I totally agree, the place for such network is the contrib repo ;)
Would implementations of other not-so-mainstream algorithms (such as MPO or AWAC) also go to the contrib repo ?
Would implementations of other not-so-mainstream algorithms (such as MPO or AWAC) also go to the contrib repo ?
MPO would be a good fit (and it is quite complex), @Miffyli is currently writing a contribution guide for the contrib repo, so we keep it clean and functional.
for AWAC, I plan to write some wrapper to use https://github.com/takuseno/d3rlpy repo (which has a nice interface and other offline RL implementations) see https://github.com/takuseno/d3rlpy/issues/5
Closing this issue as the contrib repo is now live: https://github.com/Stable-Baselines-Team/stable-baselines3-contrib (I also created an issue for MPO there)
A little explannation about what is transformer: https://en.wikipedia.org/wiki/Transformer_(machine_learning_model)#:~:text=The%20Transformer%20is%20a%20deep,as%20translation%20and%20text%20summarization.

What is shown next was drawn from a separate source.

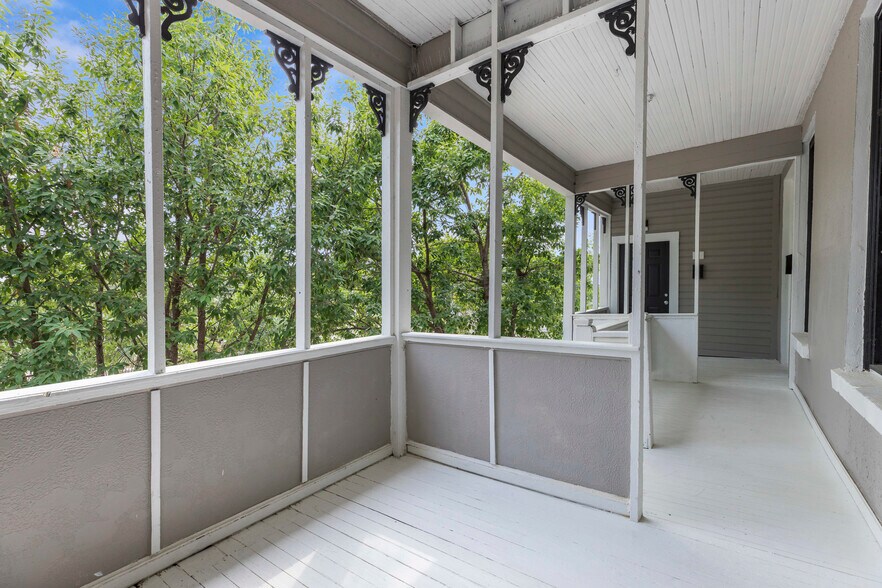 More Photos Of 2024 S Flores St, San Antonio Storefront Retail Residential For Sale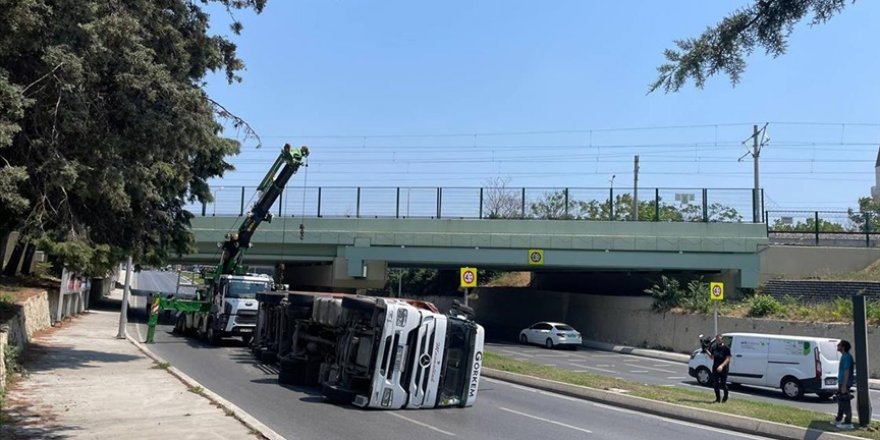 Bakırköy'de alt geçide çarpan tır devrildi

You can find an example on RLLIB
https://docs.ray.io/en/latest/rllib-models.html#attention-networks https://github.com/ray-project/ray/blob/master/rllib/examples/attention_net.py
The paper about it: https://arxiv.org/pdf/1910.06764.pdf
I would like to help you implement this but I don't have knowledge enough to help yet
What I know about it It is used more in NLP but some researchers started to use it in different field such RL. Some article saying it performs better than lstm.